• _ASSIGNMENT_: Nothing but the lines below from the one that contains "国家六部门规范含库拉索芦荟凝胶食品标识思维导图" through the one that contains "AI-powered learning infographic" should be retyped, exactly and including both ends. Do not include pictures.

------------------------------------

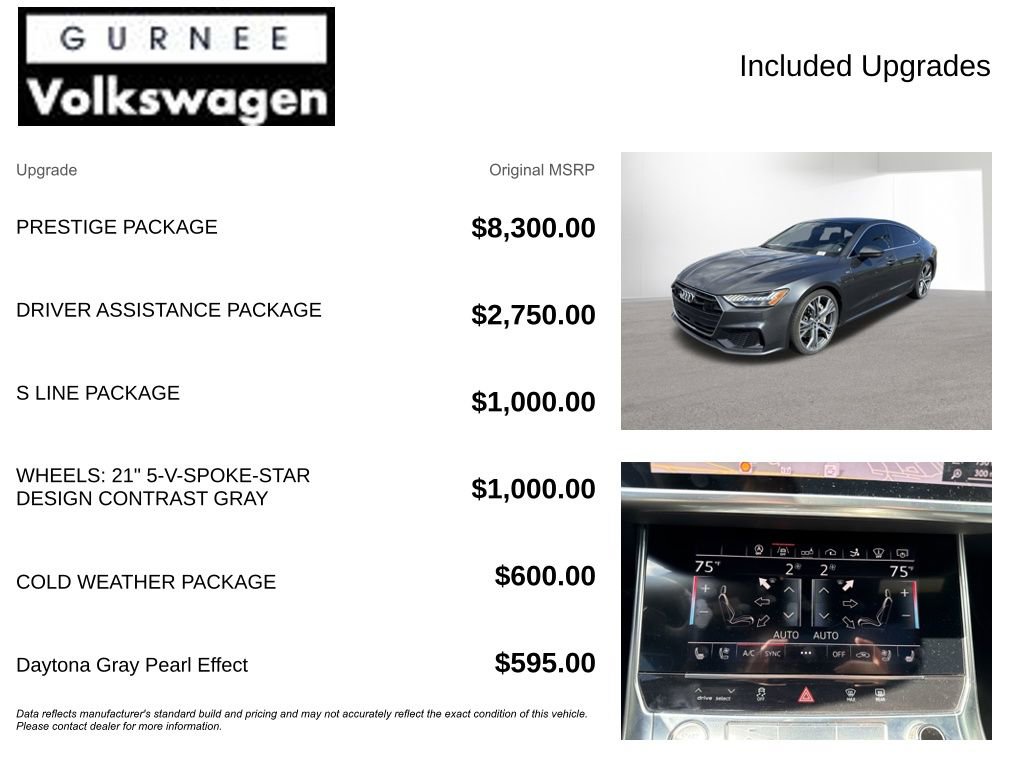 Used 2019 Audi A7 3.0T Prestige w/ Prestige Package image 4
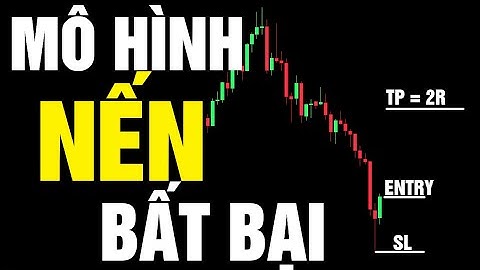 7 MÔ HÌNH NẾN MẠNH MẼ MÀ MỌI TRADER CẦN BIẾT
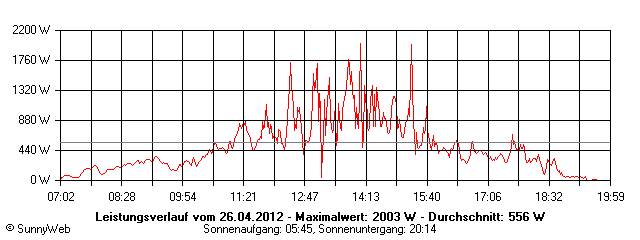 Grafik Tagesertrag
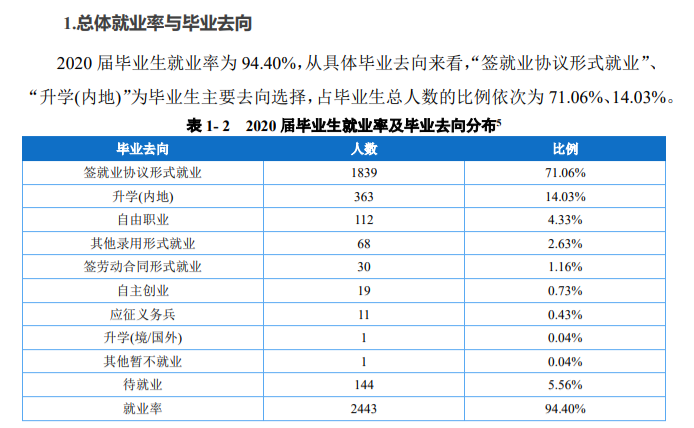 重庆建筑工程职业学院就业率及就业前景怎么样（来源2022届就业质量报告）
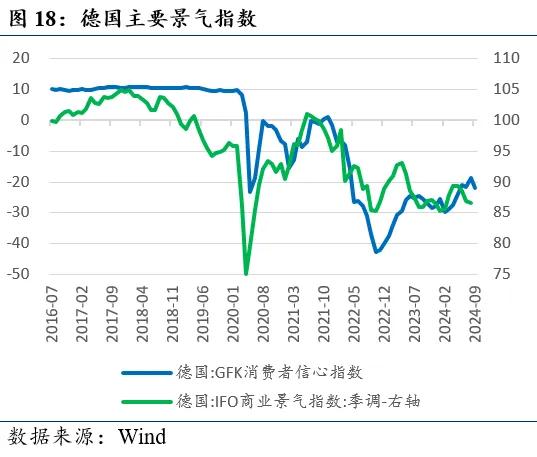 近期全球市场的两个新特征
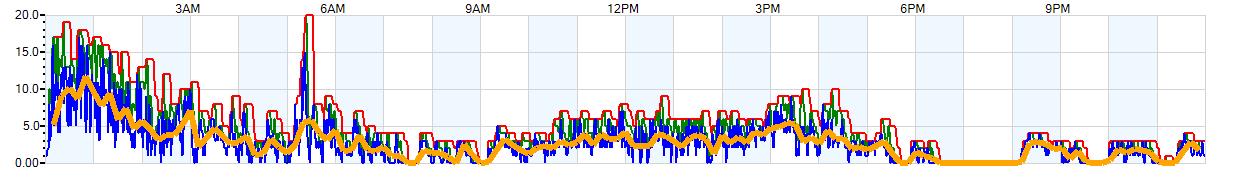 AVERAGE Wind Speed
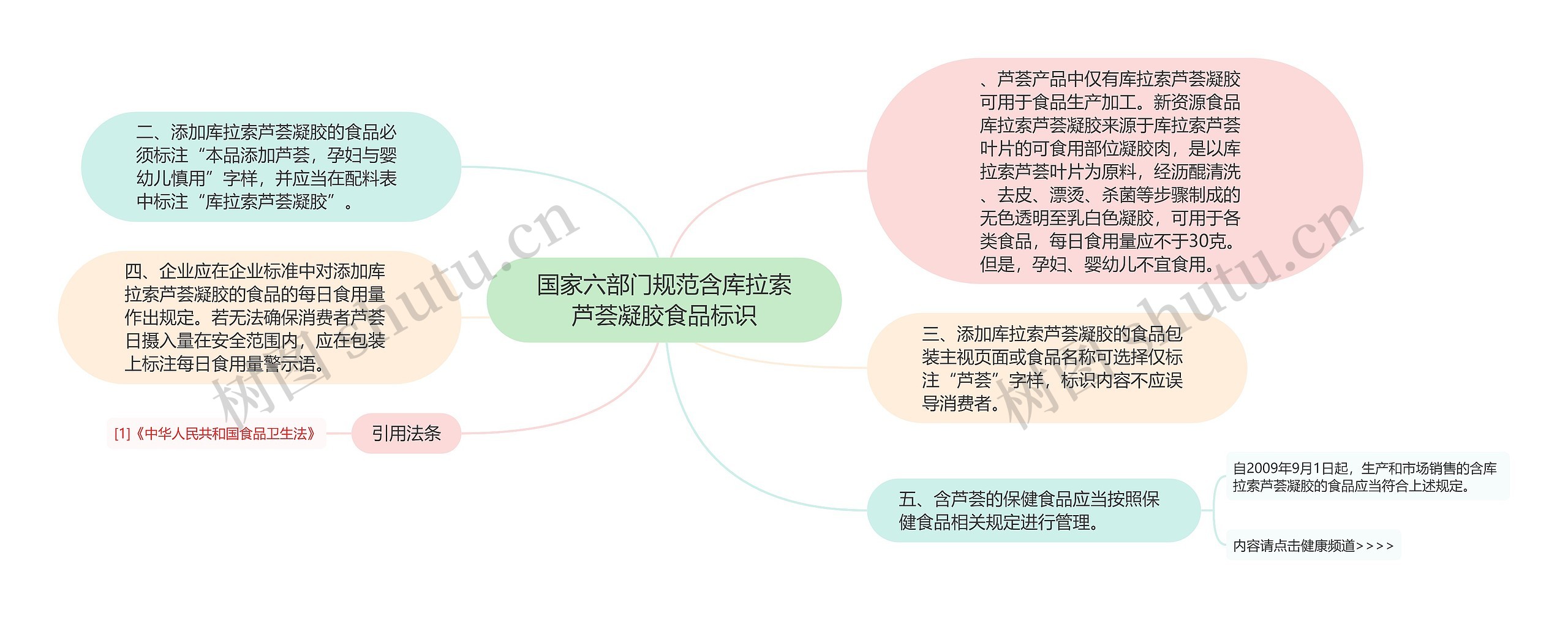 国家六部门规范含库拉索芦荟凝胶食品标识思维导图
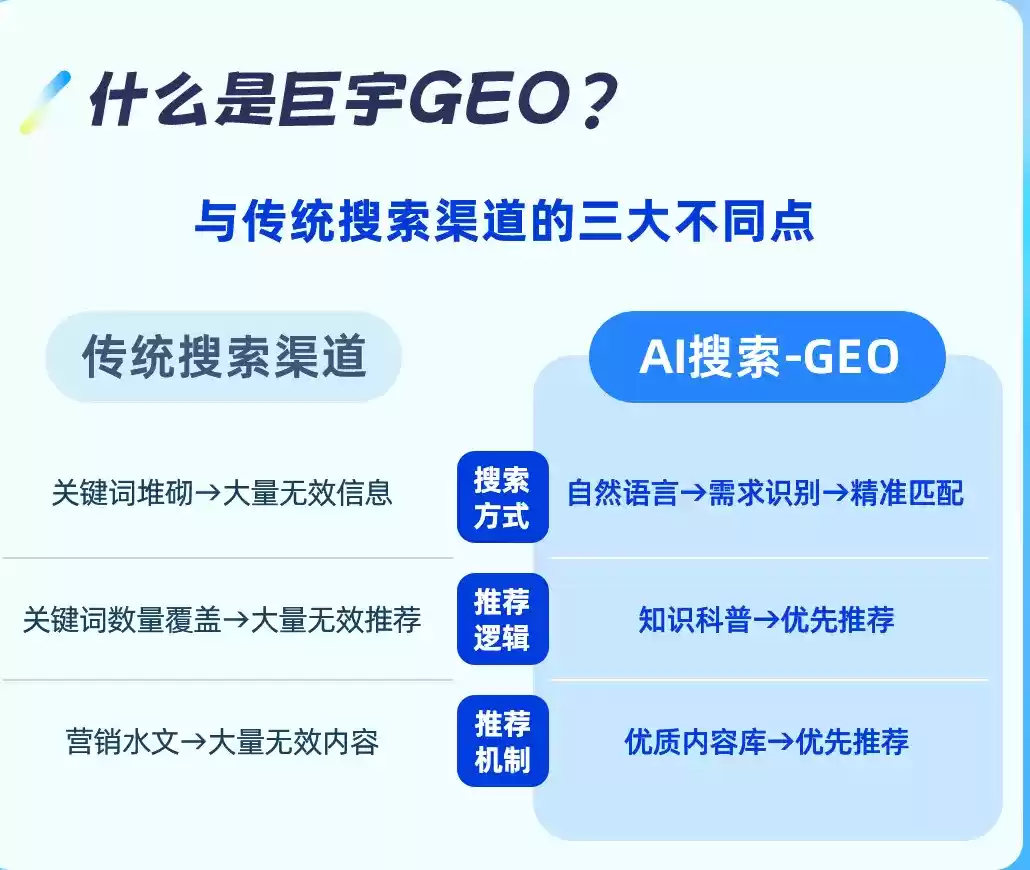 随州如何选择靠谱的GEO优化公司？本地企业AI获客避坑指南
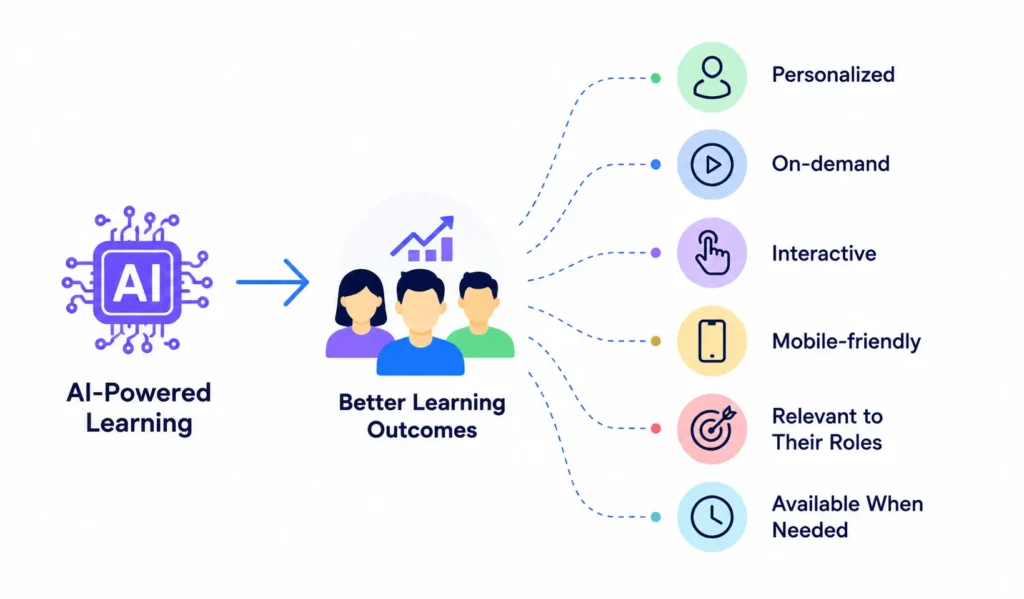 AI-powered learning infographic showing personalized employee training with icons for on-demand learning, interactivity, mobile access, role-based learning, and anytime availability leading to improved learning outcomes.
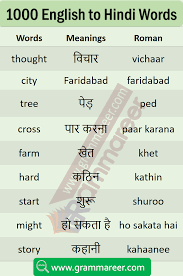 Daily Use English Words With Hindi Meaning In 2020 Hindi Words English Words Learn English Words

------------------------------------

• _SOLUTION TO THIS TASK_:
 国家六部门规范含库拉索芦荟凝胶食品标识思维导图
 随州如何选择靠谱的GEO优化公司？本地企业AI获客避坑指南
 AI-powered learning infographic showing personalized employee training with icons for on-demand learning, interactivity, mobile access, role-based learning, and anytime availability leading to improved learning outcomes.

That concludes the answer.